I am at the 12 Assembly meeting - the national council of the UCA - at Uni NSW in Sydney. Last night we installed (yep, that's what they call it, Alastair said he felt like a light bulb ...) Alastair Macrae as our new President. The opening service at which this happened was amazing in its multiculturalism - seamlessly incorporating people from some of the main cultural groups represented in the UCA. Particularly members from the Uniting Aboriginal and Islander Christian Congress, which is the Indigenous Congress in covenant with the Uniting Church, but also people with Korean, Fijian, Indonesian, and heaps of other cultural backgrounds. Some of their languages appeared on the screen at various times, and Story was told in one of the Indigenous languages. The music was really good - words I could sing without cringing, two violins, three guitars, two singers, brilliant pianist and drums. The singers were great! At one point they added some singers and did a more chant like song in four part harmony, which was fabulous (though one of the singers was quieter than the others, so she was harder to hear unfortunately).

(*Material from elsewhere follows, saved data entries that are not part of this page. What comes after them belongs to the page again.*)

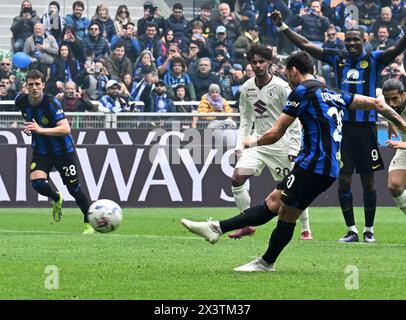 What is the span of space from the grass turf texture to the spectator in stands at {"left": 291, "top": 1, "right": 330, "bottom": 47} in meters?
10.2

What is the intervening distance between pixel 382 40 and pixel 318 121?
1692cm

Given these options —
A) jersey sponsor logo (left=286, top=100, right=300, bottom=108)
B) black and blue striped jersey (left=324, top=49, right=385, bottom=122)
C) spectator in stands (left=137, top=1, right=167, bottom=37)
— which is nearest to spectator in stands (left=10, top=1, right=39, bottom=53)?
spectator in stands (left=137, top=1, right=167, bottom=37)

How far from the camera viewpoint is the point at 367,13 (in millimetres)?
27688

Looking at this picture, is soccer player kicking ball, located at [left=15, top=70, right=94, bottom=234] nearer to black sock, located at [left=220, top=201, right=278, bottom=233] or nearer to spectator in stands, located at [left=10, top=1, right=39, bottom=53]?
black sock, located at [left=220, top=201, right=278, bottom=233]

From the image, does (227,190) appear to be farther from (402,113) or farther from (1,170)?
(402,113)

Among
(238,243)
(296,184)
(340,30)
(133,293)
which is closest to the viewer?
(133,293)

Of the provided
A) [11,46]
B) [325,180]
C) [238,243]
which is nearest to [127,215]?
[238,243]

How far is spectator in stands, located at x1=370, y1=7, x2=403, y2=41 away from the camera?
27.1 m

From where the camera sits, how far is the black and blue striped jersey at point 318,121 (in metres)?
10.2

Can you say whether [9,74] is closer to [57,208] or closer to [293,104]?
[57,208]

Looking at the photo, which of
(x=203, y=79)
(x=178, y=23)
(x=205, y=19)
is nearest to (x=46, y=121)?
(x=203, y=79)

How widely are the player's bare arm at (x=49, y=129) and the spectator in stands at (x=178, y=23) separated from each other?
398 inches

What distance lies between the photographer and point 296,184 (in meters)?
10.2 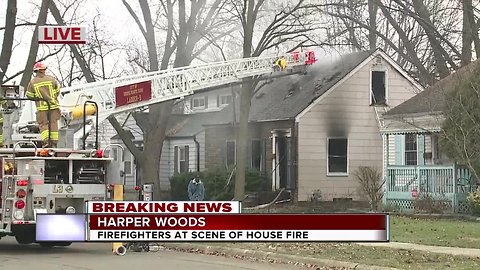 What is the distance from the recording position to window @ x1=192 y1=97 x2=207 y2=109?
41.7 meters

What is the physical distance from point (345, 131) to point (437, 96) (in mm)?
7264

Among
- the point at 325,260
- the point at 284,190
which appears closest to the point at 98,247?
the point at 325,260

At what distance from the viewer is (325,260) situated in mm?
13336

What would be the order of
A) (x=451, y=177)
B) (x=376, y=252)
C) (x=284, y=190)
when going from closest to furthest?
(x=376, y=252) < (x=451, y=177) < (x=284, y=190)

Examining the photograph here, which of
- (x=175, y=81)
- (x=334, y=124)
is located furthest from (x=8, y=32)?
(x=334, y=124)

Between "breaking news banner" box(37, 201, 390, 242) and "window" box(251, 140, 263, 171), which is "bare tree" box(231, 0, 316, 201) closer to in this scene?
"window" box(251, 140, 263, 171)

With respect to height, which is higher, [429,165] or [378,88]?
[378,88]

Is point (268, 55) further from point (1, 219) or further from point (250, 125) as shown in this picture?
point (1, 219)

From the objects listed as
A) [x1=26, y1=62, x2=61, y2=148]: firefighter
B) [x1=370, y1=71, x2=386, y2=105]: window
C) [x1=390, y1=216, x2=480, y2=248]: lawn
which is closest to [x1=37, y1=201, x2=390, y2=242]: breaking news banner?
[x1=26, y1=62, x2=61, y2=148]: firefighter

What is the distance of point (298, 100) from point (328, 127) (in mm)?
1703

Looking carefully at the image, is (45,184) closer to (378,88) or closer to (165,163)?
(378,88)

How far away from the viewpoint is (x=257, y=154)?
33938 mm

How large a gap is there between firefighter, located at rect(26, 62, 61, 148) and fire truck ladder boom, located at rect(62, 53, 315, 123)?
1.52m

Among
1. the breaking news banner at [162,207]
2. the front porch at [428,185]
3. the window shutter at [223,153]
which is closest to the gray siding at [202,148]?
the window shutter at [223,153] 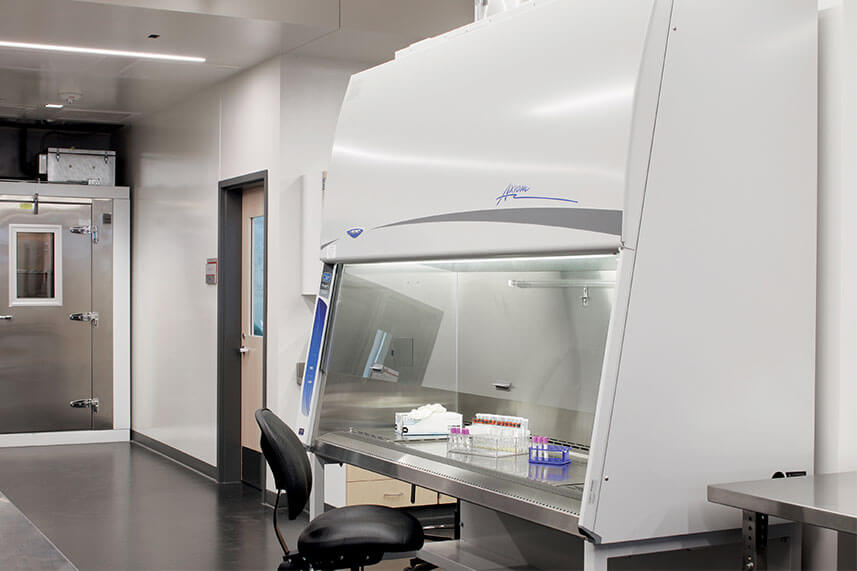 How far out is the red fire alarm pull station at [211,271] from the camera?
682cm

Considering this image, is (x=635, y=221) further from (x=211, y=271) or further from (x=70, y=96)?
(x=70, y=96)

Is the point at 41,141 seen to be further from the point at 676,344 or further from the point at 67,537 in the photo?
the point at 676,344

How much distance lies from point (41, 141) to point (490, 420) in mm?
6940

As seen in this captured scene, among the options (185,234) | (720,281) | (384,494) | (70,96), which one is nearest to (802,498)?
(720,281)

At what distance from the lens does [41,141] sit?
348 inches

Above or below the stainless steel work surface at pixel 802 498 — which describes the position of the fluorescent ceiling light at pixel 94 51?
above

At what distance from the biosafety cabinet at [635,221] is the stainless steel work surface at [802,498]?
0.45 ft

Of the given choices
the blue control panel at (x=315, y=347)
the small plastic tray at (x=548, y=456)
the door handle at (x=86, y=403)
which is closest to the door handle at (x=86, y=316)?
the door handle at (x=86, y=403)

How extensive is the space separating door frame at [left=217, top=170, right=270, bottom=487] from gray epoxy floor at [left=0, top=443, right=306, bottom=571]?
0.75 ft

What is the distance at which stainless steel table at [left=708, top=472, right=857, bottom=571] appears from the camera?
1934 millimetres

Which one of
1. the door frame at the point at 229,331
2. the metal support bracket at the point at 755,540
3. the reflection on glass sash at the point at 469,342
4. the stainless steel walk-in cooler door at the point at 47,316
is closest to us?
the metal support bracket at the point at 755,540

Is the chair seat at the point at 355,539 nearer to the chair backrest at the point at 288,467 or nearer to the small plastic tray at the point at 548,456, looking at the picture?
the chair backrest at the point at 288,467

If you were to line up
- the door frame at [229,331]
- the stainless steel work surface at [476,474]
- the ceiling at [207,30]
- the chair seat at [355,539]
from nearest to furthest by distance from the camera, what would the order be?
the stainless steel work surface at [476,474], the chair seat at [355,539], the ceiling at [207,30], the door frame at [229,331]

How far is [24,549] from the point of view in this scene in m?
1.28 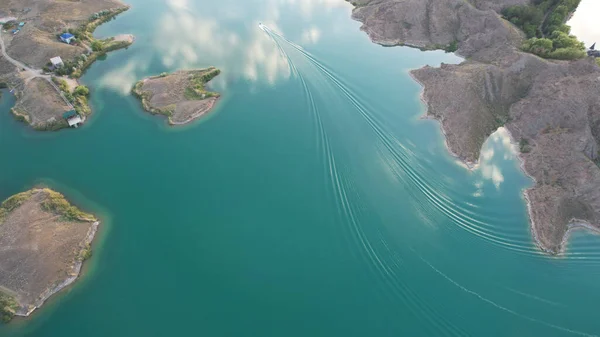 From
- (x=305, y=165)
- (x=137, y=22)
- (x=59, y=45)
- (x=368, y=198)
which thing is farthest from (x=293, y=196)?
(x=137, y=22)

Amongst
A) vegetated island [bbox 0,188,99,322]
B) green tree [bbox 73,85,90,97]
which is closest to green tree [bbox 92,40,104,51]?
green tree [bbox 73,85,90,97]

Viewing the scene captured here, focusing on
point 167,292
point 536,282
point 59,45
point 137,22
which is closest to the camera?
point 167,292

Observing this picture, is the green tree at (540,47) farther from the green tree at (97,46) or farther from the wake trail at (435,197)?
the green tree at (97,46)

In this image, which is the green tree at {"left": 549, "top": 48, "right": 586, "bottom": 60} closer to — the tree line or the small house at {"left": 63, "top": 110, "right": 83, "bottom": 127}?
the tree line

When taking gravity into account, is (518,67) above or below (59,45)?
above

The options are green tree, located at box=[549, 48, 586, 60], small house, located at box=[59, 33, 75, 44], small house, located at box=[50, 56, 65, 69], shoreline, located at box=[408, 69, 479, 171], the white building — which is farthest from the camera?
small house, located at box=[59, 33, 75, 44]

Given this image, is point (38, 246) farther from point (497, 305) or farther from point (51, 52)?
point (497, 305)

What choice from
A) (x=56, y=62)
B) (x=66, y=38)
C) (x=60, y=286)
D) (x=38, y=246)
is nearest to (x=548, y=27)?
(x=60, y=286)

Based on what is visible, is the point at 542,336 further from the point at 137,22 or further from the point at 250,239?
the point at 137,22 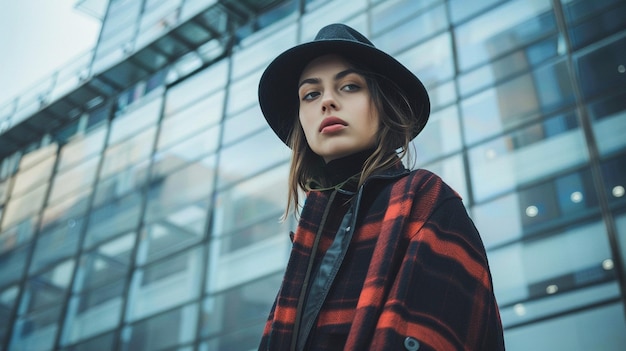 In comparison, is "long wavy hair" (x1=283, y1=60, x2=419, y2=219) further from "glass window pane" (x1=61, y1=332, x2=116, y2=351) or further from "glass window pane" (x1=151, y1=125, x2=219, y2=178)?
"glass window pane" (x1=61, y1=332, x2=116, y2=351)

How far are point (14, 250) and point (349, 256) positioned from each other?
65.3 feet

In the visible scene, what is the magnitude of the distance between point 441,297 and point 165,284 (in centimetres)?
1319

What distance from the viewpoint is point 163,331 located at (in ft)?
45.4

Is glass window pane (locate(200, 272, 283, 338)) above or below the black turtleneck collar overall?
above

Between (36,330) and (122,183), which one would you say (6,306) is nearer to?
(36,330)

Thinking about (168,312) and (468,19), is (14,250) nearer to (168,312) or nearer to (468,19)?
(168,312)

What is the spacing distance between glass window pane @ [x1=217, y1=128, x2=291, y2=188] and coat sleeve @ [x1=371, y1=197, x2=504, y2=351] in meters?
11.9

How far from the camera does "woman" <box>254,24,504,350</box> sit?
1.89 meters

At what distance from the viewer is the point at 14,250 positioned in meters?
19.9

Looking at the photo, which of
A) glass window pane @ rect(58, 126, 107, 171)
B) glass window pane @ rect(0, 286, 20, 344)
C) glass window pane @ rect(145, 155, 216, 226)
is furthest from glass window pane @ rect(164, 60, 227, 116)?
glass window pane @ rect(0, 286, 20, 344)

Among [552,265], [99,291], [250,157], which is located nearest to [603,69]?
[552,265]

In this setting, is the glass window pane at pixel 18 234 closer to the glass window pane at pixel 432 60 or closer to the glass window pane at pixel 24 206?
the glass window pane at pixel 24 206

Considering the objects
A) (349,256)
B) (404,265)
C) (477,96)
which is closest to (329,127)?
(349,256)

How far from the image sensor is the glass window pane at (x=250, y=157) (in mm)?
14242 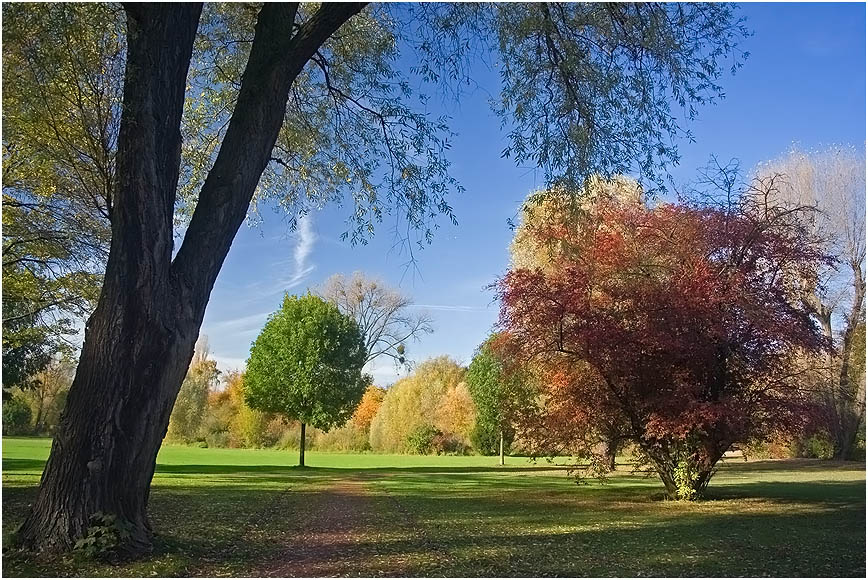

Today we began the business of the meeting with a celebration of the covenant between the Indigenous members and non indigenous members of the UCA. Mmm what else. (A group of us went to the pub after the close of the business for the evening and I'd not eaten for a while before I drank a couple of beers ...)
We're spending a bit of time on the revision of the code of ethics for Ministers in the UCA. Bit difficult to get 280 people to agree on wording ... It's these moments when I feel sorry for the committee who have been working on the wording for months only to have us pick it to pieces in various places.
We've had small group discussion of some of the reports that have been received - there is a lot happening on the national stage of the church, a lot to be thankful for and to give us hope. My group spent some time talking about the work of the Christian Unity committee, who are building our relationships with other Christian churches in Australia and around the world. We also talked about defence forces chaplaincy, and the report of the Ministerial Educational Commission, who are putting a proposal to the Assembly, which we also talked about. Can't really talk here about the detail of the discussion, but these are the sorts of issues the Assembly is discussing this week, if you want to know.
Gregor Henderson, the outgoing President, addressed the meeting, and had a hopeful message for the church. I took his appraisal of a key area of growth for the UCA, interfaith relationships, as support for one of the mandates I'd like to implement for the Esther Project - to create space for the Abrahamic faith communities - Muslim, Jewish, Christian - to hear each other's engagement with the Sacred Stories that we share.
This evening we heard the report of the UAICC, and I was struck again by the growing, not diminishing, divide between Indigenous and non indigenous Australians in health, employment, housing, education. The speakers noted that this crushes the spirit of the people, so the key focus for the Indigenous church is to nurture the spirit of the people, so that they might find hope and healing. After all, if the people don't have hope, remain broken in their spirit, what good will any program be?
And throughout the time I've already had many conversations with people about the Esther Project, and receiving much encouragement as people hear the story, the hopes, the dream.
At the pub, I had an interesting conversation about the concerns for the place of women in leadership in the UCA. There is considerable concern that many of the key leadership positions in the church are held by men, and it must be said, mostly men from one area of the theological spectrum, and how will we make space for women to be valued enough to be elected to these sorts of roles? What can we do, how can we make changes, to enable women to be on equal footing. Unfortunately there are still men around who cannot be led by women. Who cannot bring themselves to look a woman in the eye and see her as an equal. Is it fear? I don't know. I hope I can write the characters of Esther and Mordecai to portray partnership between men and women in a positive and hopeful light. I would like to think this story can speak into our present context and offer us some hope.
For now, though, I'd better get some sleep - there is still a long way to go in this meeting. I must say again that it is worth the seven days of meetings to make connections with people from other parts of our church, to hear the stories of the things the church is doing nationally, to be encouraged that the Spirit of God is stirring within the soul of Australia, and the Uniting Church is out there with her.